Saturday, September 6, 2008

Exit Saif al-Islam?

COUNTRY BRIEFING

FROM THE ECONOMIST INTELLIGENCE UNIT

Saif al-Islam, hitherto the most politically active of the children of the Libyan leader, Colonel Muammar al-Qadhafi, has announced his retirement from politics, in a televised speech to a youth rally in Sebha, south of Tripoli, on August 20th. The 36-year-old, who has been heavily involved in rebuilding Libya's relations with the West following the lifting of UN sanctions in 2004, said that he had accomplished most of what he had set out to do, and that he did not want to give the impression that he was seeking to inherit his father's mantle. He strenuously denied that his decision had stemmed from any kind of dispute with his father or from resistance to his proposed institutional reforms from the "old guard".

Disingenuous

Despite his protestations, it will be widely assumed that Saif al-Islam's departure from the political scene will not be permanent. Indeed, the speech itself was in many respects a political manifesto, as he spoke at length about the need to develop civil society and to improve social services. He said that in the past, people had looked to him to deliver these goals, but that he was not interested in cultivating the kind of hero-worship attendant on movie stars, models or football players. "The past was embodied in Saif al-Islam and his team, but the future, this dream and aspiration are now your responsibility," he said. The tenor of these remarks suggests that it will not be too long before Saif al-Islam returns--reluctantly--to centre stage in response to overwhelming popular demand.

Saif al-Islam also used the speech to announce that Libya would soon sign an association agreement with the EU, a framework of economic co-operation created as part of the Barcelona process. Most of the other southern Mediterranean states have long since signed these agreements, which include provision for phasing out most tariffs over a 12-year period.

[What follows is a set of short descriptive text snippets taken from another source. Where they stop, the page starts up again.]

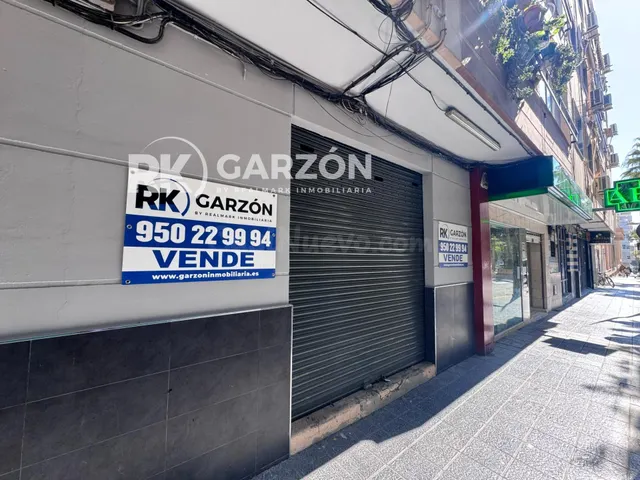 Local Comercial en plena Rambla Amatisteros - foto 4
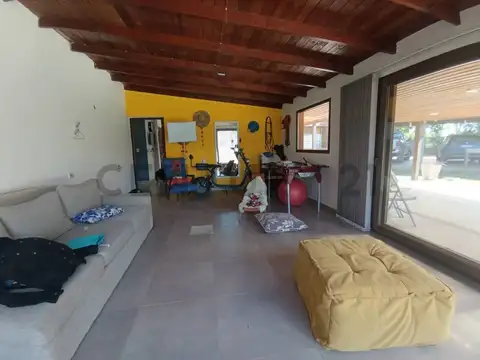 Casa en Alquiler con 3 cocheras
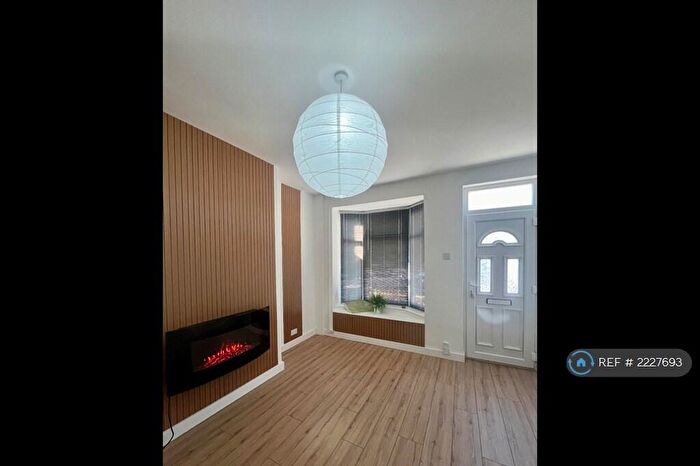 2 Bedroom Terraced House To Rent In Carrington Street, Hull, HU3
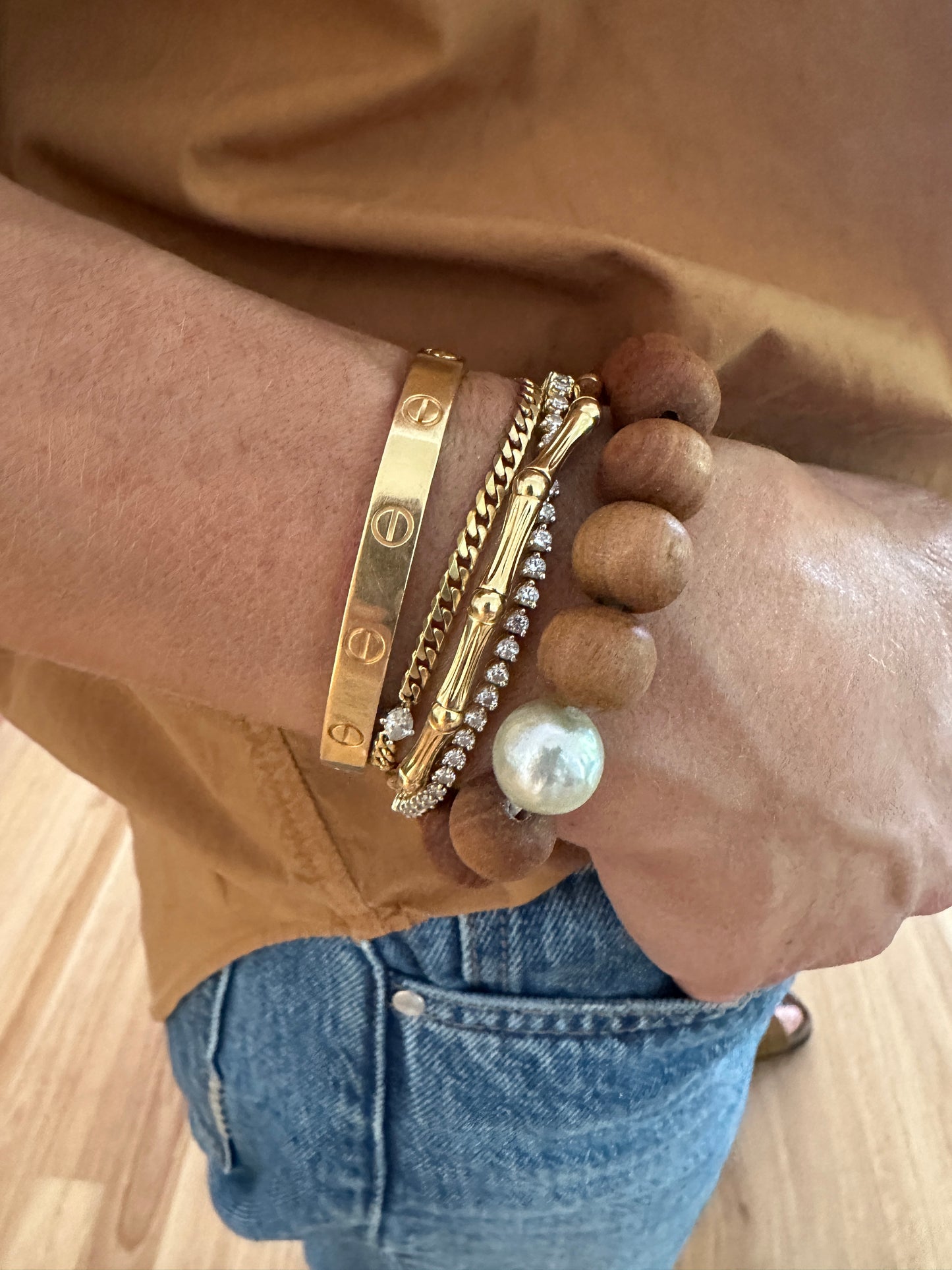 Ellipse - Natural Sandal Wood with South Sea Pearl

He said that he had intervened in the past in foreign policy and in domestic development issues because of the lack of institutional capacity, but that now things had changed, and if he continued to play this role it would create problems. This passage of the speech seemed to belie his claim to have had no differences with the old guard. Saif al-Islam had in fact presented himself to foreign governments and businesses as being capable of getting round obstacles thrown up by the bureaucracy and the security apparatus. This worked in some instances, but overall there has been little significant change in Libya's opaque and arbitrary system of government over the past four years. Saif al-Islam's vision of creating accountable and efficient institutions to run Libya cannot be realised without stripping away some of the powers and privileges of vested interests, including other members of the extended Qadhafi clan and some of his own siblings.